# Nova's huff-walk



## Maeg8 (Apr 28, 2011)

So, I've been socializing with Nova by offering food mixed with treats for good behavior. I try to get her to come out of her sleep sack by leaving a trail not unlike the M&M trail in ET. At first she just huffs and puffs and then... she attempts to huff herself forward. She sort of aims her body and attempts to move by sheer force of her pushed-out quills. It's really cute, and she eventually stops and opts for actually showing her face and walking, but... does anyone else's hedgie try to move via the power of grouch as well?


----------



## Tarynsgate (Sep 25, 2010)

I don't think I've seen my hedgie do it before, but it sounds too cute  I'd love to see a video of 'grump-powered movement' !


----------



## Titus (Apr 9, 2011)

Titus kinda does the same thing sometimes, except he tries to be a caterpillar or something. He'll kinda stretch out and walk like that with his visor down.
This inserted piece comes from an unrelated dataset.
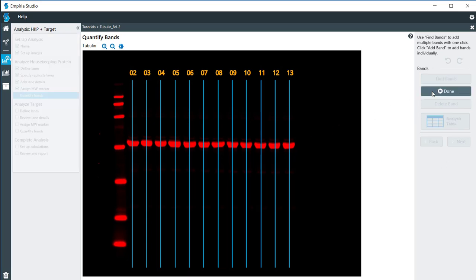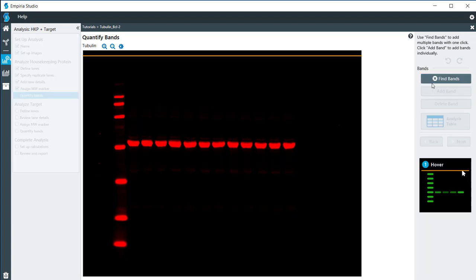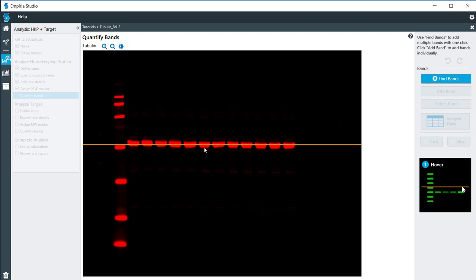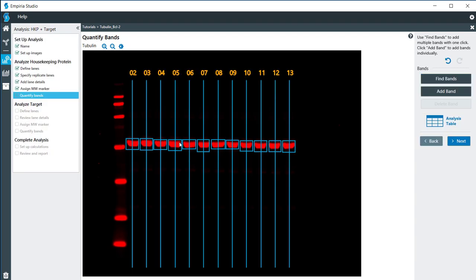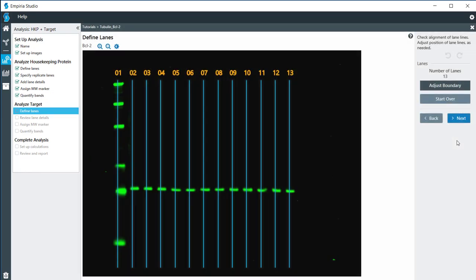I can either click on the add band and add these markers individually, or if I click on the find bands, I can move this line into the proper location and do a single click, and it will determine the size and location of the boxes for me. You can also adjust these, the height, the width, and overall location of them. But everything looks okay here, so I'm going to click on next.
He's so silly. :lol:


----------



## PJM (May 7, 2010)

Sounds adorable!!!
Closest thing my Cholla will do is when I wake him up, I usually put a mealie in front of him. Visor down, he'll huff & pop & lunge at the mealie. It's like, even when he's mad, he's not going to let a mealie pass by.


----------



## beehivehedgie (Feb 13, 2011)

That sounds way funny  Hoggle doesn't do that. He just lays there and huffs.  What a naughty.


----------